== Task statement ==
Omit the pictures. Transcribe exactly the lines below, from the one with "Michael Collins is" up to and including the last.

(Caption-style text data)

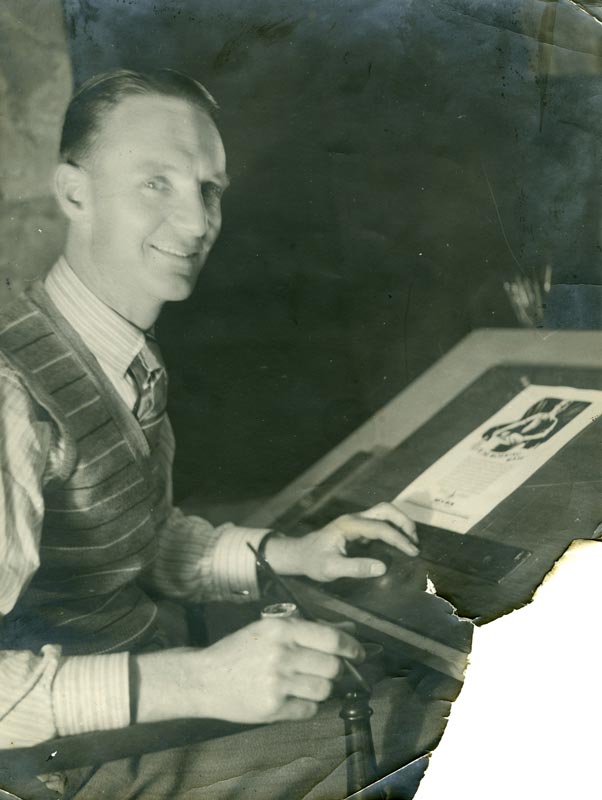 Bill Haythornthwaite as a young man, seated at an easel and holding a paintbrush.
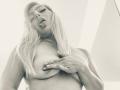 RoxannEmilss tiene el pelo largo y rubio, labios carnosos y está sin sujetador, con una mano cubriendo sus pechos. Está mirando hacia abajo, mostrando su pezón. La foto está en blanco y negro..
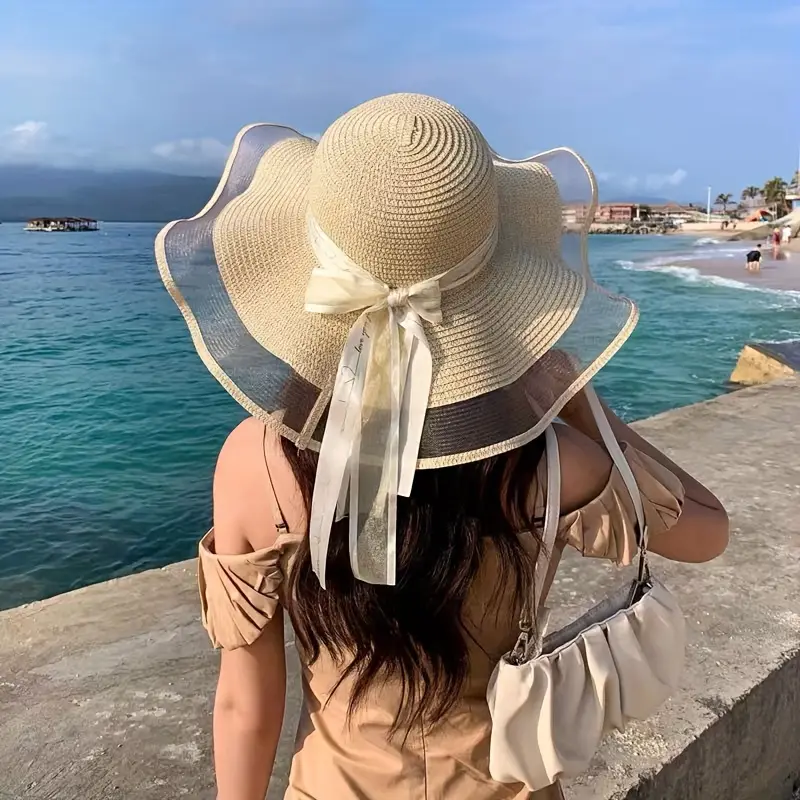 elegant wide brim sun hat with bowknot uv protection breathable straw beach cap for for outdoor leisure details 5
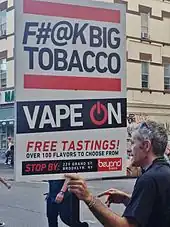 The e-cigarette retailer marketing sign states, "F#@K Big Tobacco, vape on, and free tastings".
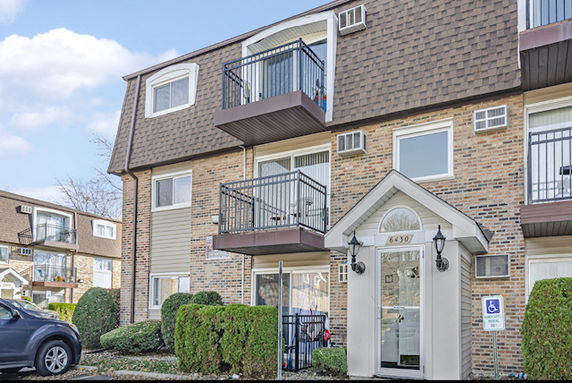 Front view of a multi-story residential building with balconies.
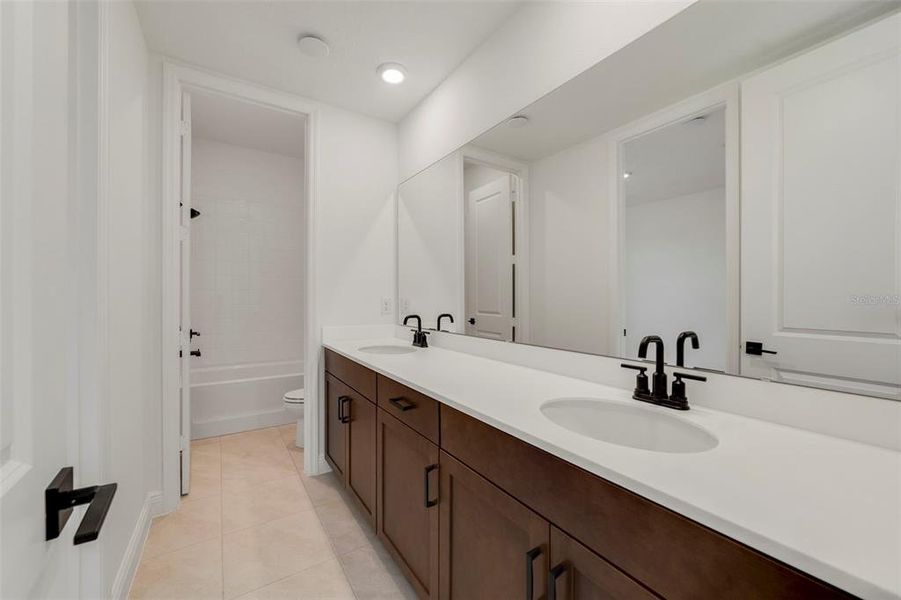 Furnished interior view inside a new home in Acuera Estates, Apopka (Image 5). Furnished interior view inside a new home in Acuera Estates, Apopka (Image 5).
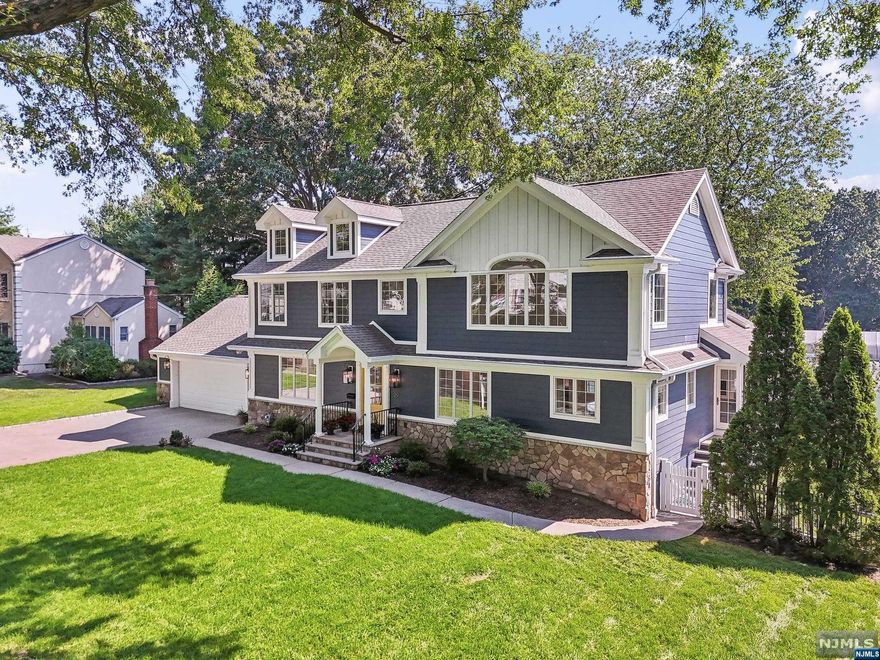 FULL GUT RENOVATION in 2024! Modern colonial on one of the most desirable locations in Glen Rock, only a block away from top ranked Schools. 3,600+ SQFT of living space (incl/basement) w/ Open and functional floor plan. EF welcomes you to a formal LR/FPL, DR w/bar, Gorgeous Kitchen w/beautiful quartz countertops, large island and large Pantry room that Opens to a Bright Family Room w/FPL, skylights and sliding doors w/access to a nice deck and fully fenced Backyard. A convenient 1st floor BR and a beautiful Bath complete this floor. 2nd level offers 2 spacious BR w/walk in closets, elegant main Bath, private Den/office w/French doors and a large Primary Suite w/ luxurious spa like Bath and plenty of closets. THE FOLLOWING ARE NEW- electrical, plumbing, HWH, white oak wood floors, Anderson windows, Hardie Siding, All Bath w/designer tile, Lux Kitchen walnut cabinets, contemporary FPLs. Beautiful Lighting, Foam and Sound insulation... 2 car GAR w/EV, generator...Seller holds RE Lic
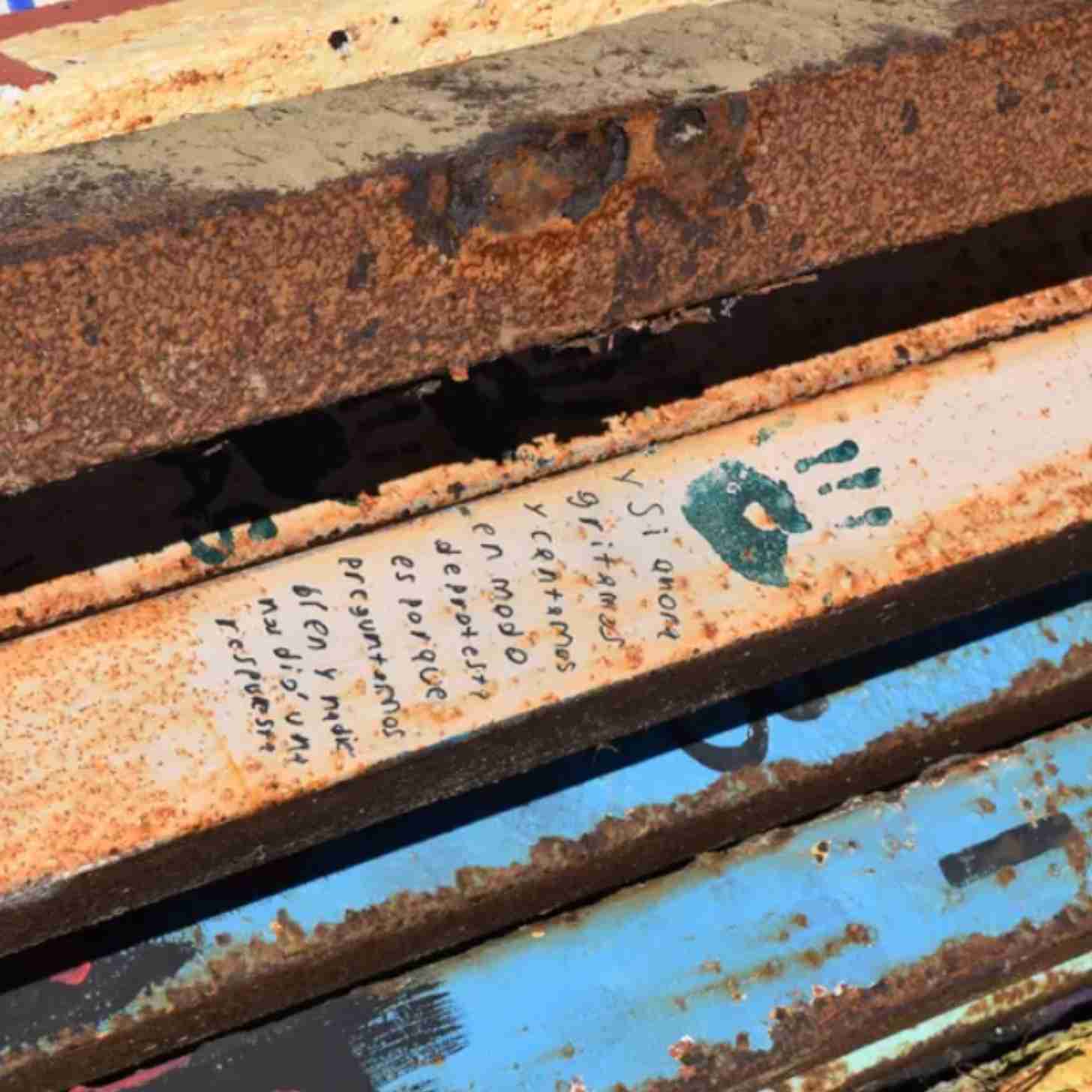 on the slats of the U.S. Mexico border wall that was torn down is a painted hand and a message in Spanish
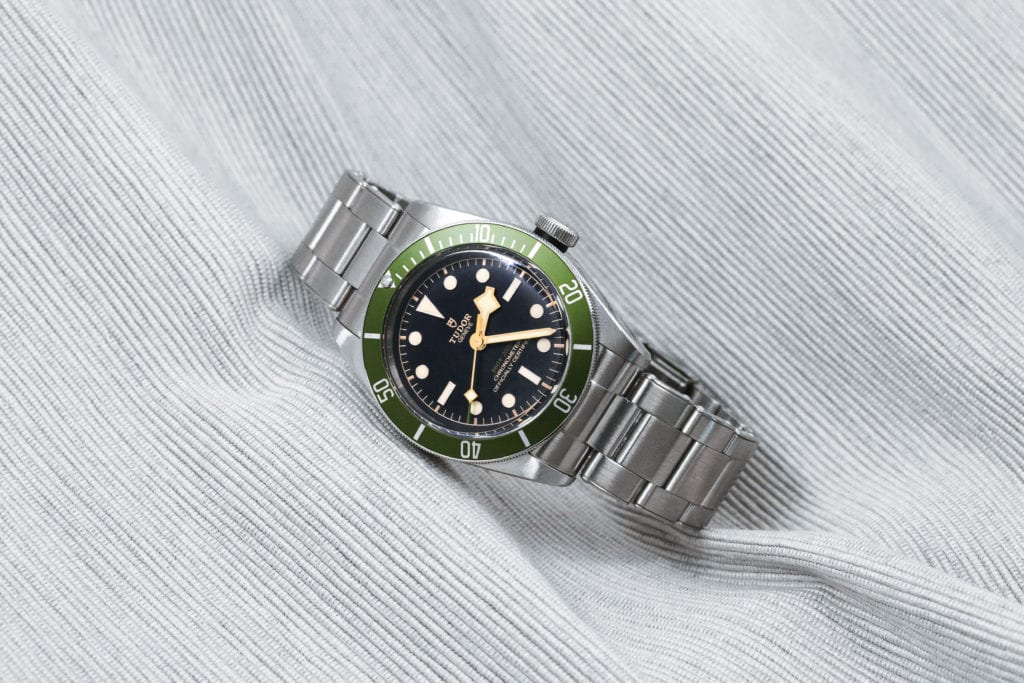 The Evolution of Tudor's Snowflake Hands - a Black Bay watch with a green bezel 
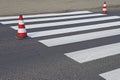 The cross-decorated pedestrian crossing with the still not dried out red. Restriction of traffic by road signs. Update road pedest Royalty Free Stock Photo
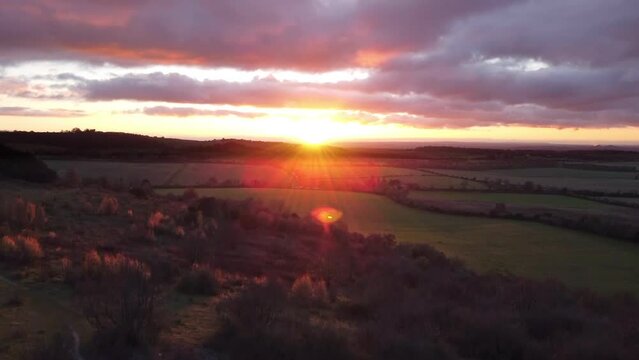4K drone Aerial video establishing shot of countryside in Oxfordshire at sunset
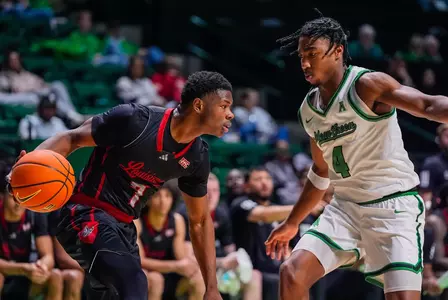 Michael Collins is guarded by a North Texas defender in an exhibition game on October 29, 2025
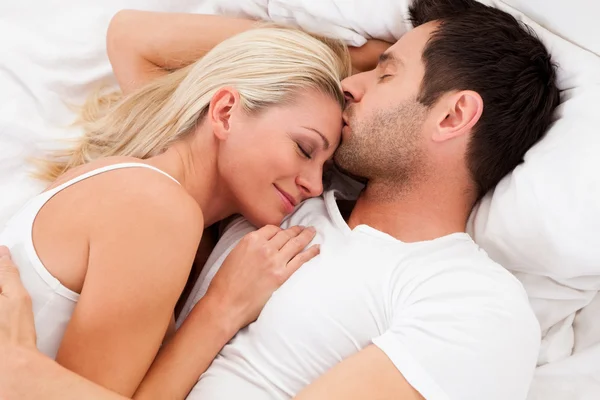 Loving couple lying in bed — Stock Photo, Image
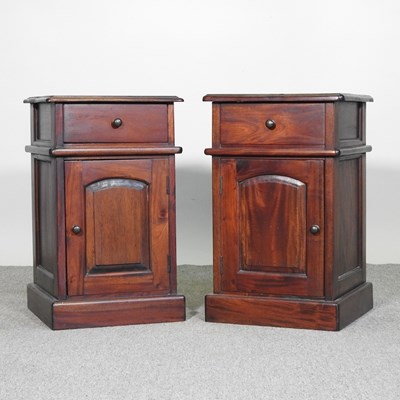 Lot 563 - A pair of hardwood bedside cabinets (2)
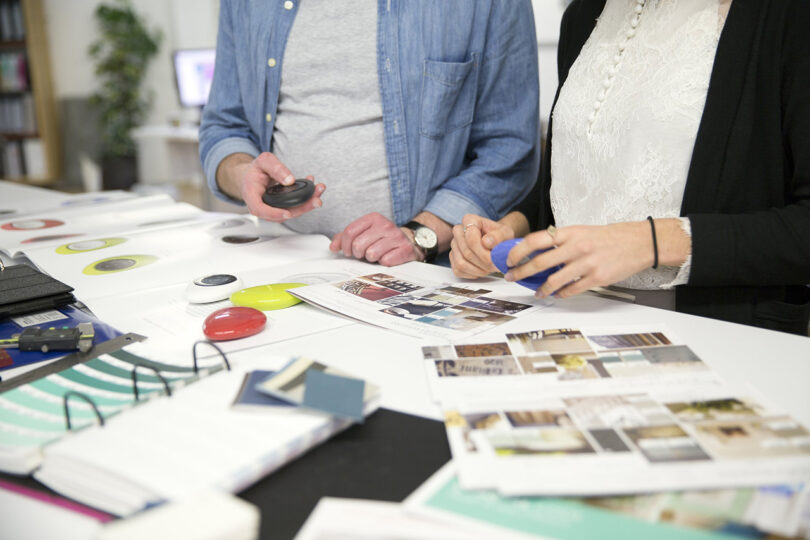 Two individuals stand at a desk reviewing magazines and color samples, with one wearing a denim shirt and the other a white laced top. Various office materials, sample swatches, and a PowerView Pebble Remote are spread out on the desk.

== Solution to this problem ==
 Michael Collins is guarded by a North Texas defender in an exhibition game on October 29, 2025
 Loving couple lying in bed — Stock Photo, Image
 Lot 563 - A pair of hardwood bedside cabinets (2)
 Two individuals stand at a desk reviewing magazines and color samples, with one wearing a denim shirt and the other a white laced top. Various office materials, sample swatches, and a PowerView Pebble Remote are spread out on the desk.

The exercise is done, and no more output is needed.